Par les temps qui courent, l’heure est plus à fustiger qu’à s’amuser. Il y a des périodes comme ça où tout va de travers et que l’humeur n’est plus à la légèreté.
L’éclairage porté par l’Assemblée sur « faut-il condamner ou non les clients des prostituées ?» m’a renvoyé quelques dizaines d’années en arrière. Souvenez-vous le texte « Rue Alsace-Lorraine », le temps de l’insouciance, de l’apprentissage et des premiers émois.
Nous n’étions pas des foudres de guerre auprès de la gente féminine et préférions, lorsque la nuit était très avancée, courir la péripatéticienne avant qu’elle ne ferme boutique. Cela nous coûtait cher avec nos revenus inexistants mais ce qui est rare est cher, nous en convenions sans trop rechigner. Le tarif horaire nous semblait très élevé, nous avons compris, un peu tard, que cela venait de notre condition d’inexpérimentés à l’émotion trop vive et beaucoup trop volatile. Les professionnelles le savaient et en profitaient largement : ça faisait cher la minute.

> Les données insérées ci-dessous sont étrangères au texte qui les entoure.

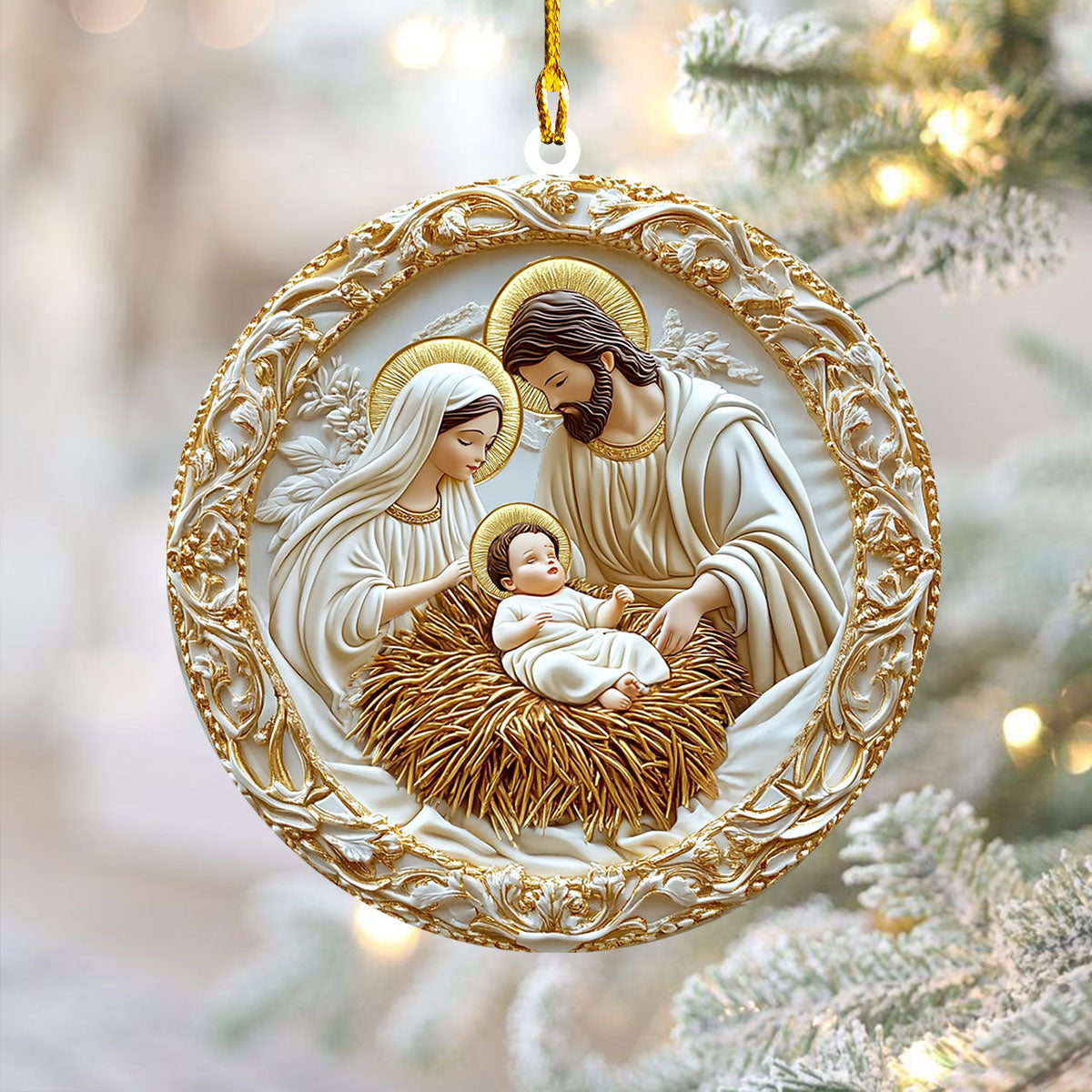 Acrylic Ornament Peaceful Nativity Blessing Elegant Christmas Tree Ornament
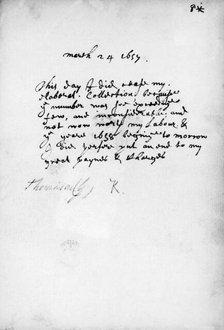 Inscription by Thomason in a volume of Tracts, c1659. Creator: George Thomason.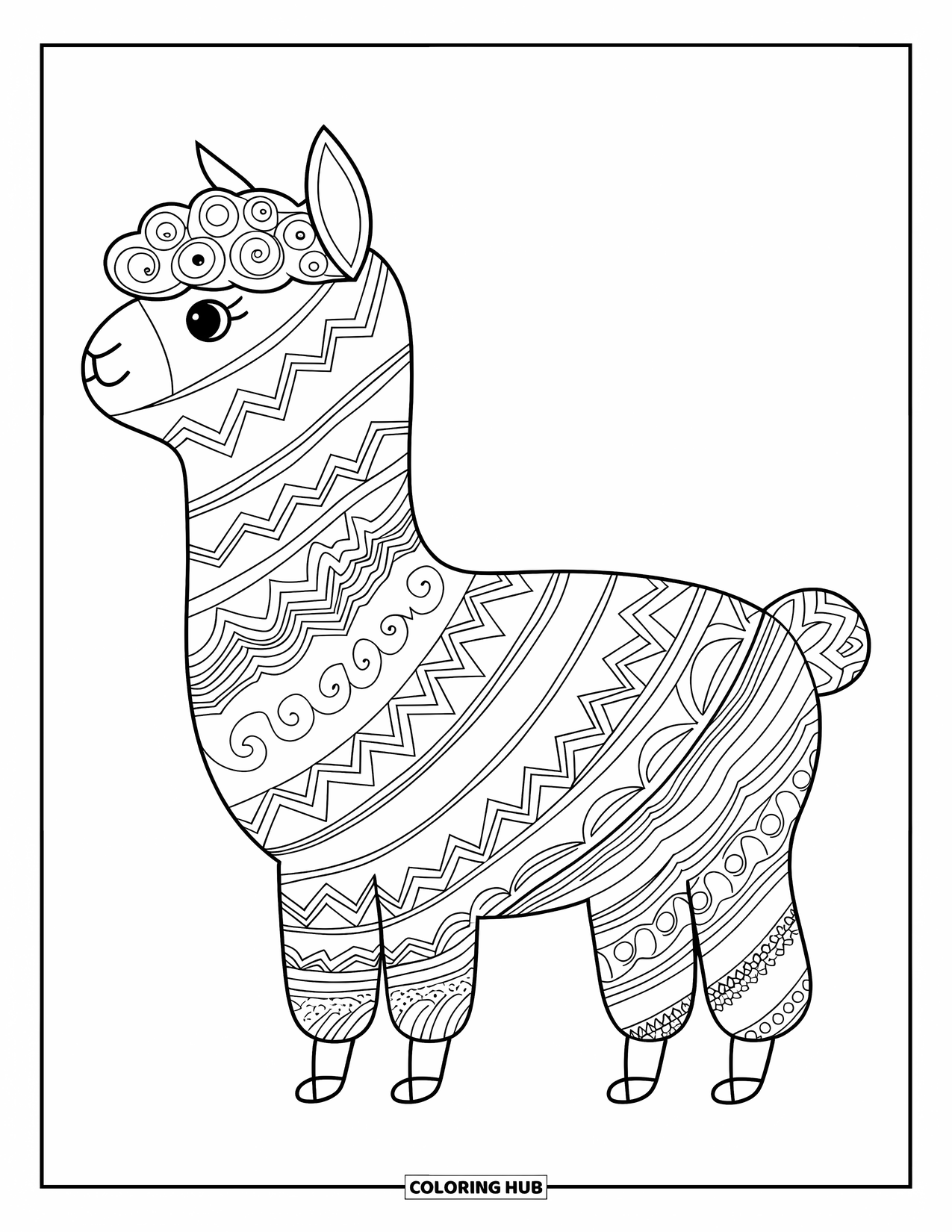 Animal Mandala Coloring Page for Kids: Smiling alpaca with looped mandala shapes and a bold, clean outline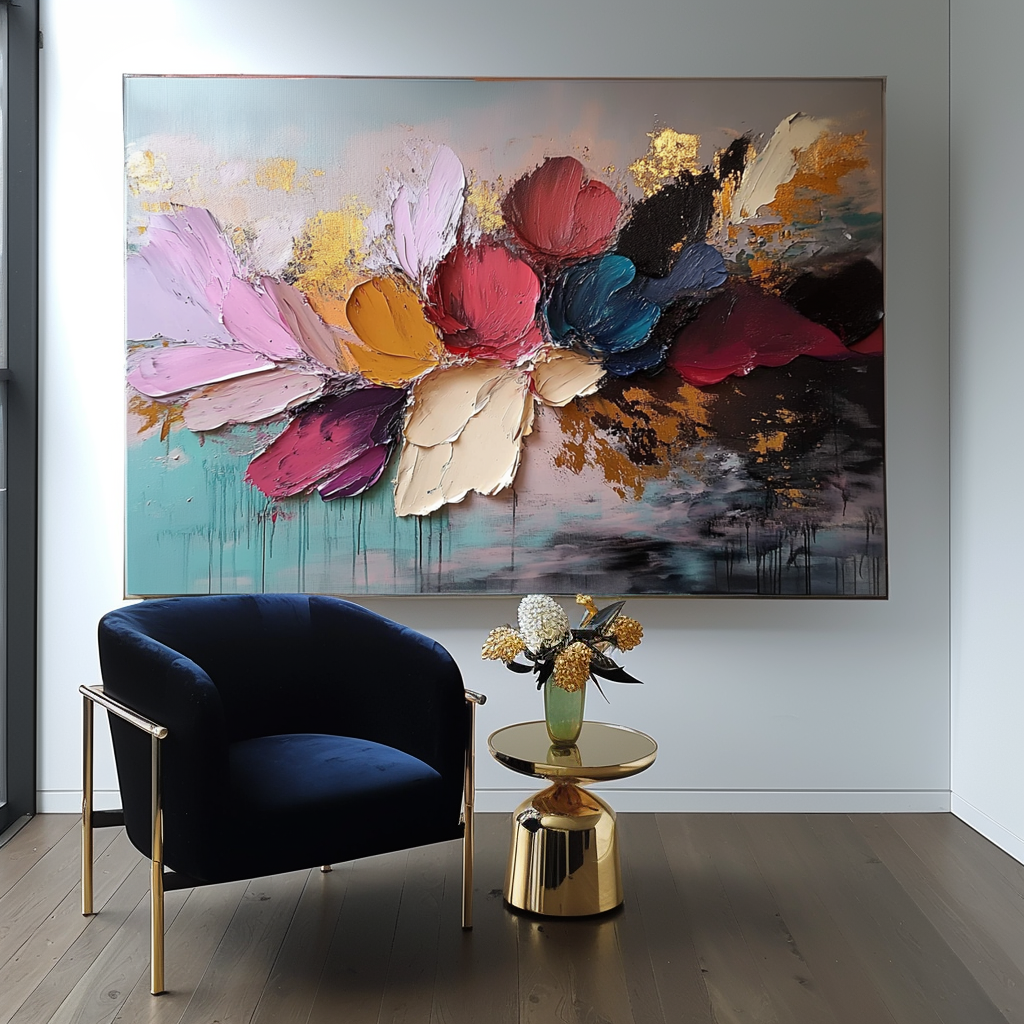 Floral Rhapsody-Original Textured Floral Abstract Oil Painting for Modern Home Decor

Elles commençaient par nous rassurer un peu mais pas trop, assuraient la toilette préparatoire pour faire monter la pression plus vite dans notre cocotte-minute puis venait rapidement le tour de magie auquel nous ne comprenions rien sinon le fait de partir aussitôt dans les étoiles. L’impression était si marquante qu’elles finissaient par fidéliser. Lorsque les « liens » se resserraient un peu et que la connaissance mutuelle se faisait plus familière, elles maîtrisaient toujours leur art en ne nous envoyant pas trop vite au tapis. Avant le ippon final, elles nous taquinaient crescendo avec koka-kinza, yuko, wasa-ari. De la sorte on avait la possibilité de tomber puis de se relever pour que la prise ultime soit plus belle encore et plus académique aussi.
Nous étions subjugués par le bon côté des choses. Nos chers députés qui en ont vu d’autres ne s’arrêtent plus aux envies bassement émotionnelles, égoïstement jouissives. Ils planent au-dessus de la morale pour faire la leçon à ceux qui, perdus dans le brouillard de leur misère sexuelle ou leur libido trop forte pour être assouvie banalement, ne devraient plus regarder les plaisirs par le petit bout de leur lorgnette. Comme s’ils s’adressaient à des sadomasochistes, ils agitent leur badine à milliers d’euros pour taper là où ça fait mal. Les plus accros y verront un jeu du chat et de la souris encore plus croustillant.
Vous le savez désormais, mon propos n’est pas de savoir qui a tort et qui a raison… c’est de badiner un peu. Et je n’oublie pas que dans certains endroits à la lumière tamisée, on use aussi de la badine pour d’autres badinages. Faut-il en rire ou en pleurer ? J’ai pris le parti de m’en amuser.
Les lois civiques et morales sont au goût du temps, les lois physiques sont immuables et demeurent, parfois, encore inconnues. Les unes se fabriquent ou s’inventent, les autres se découvrent… Ainsi va le temps.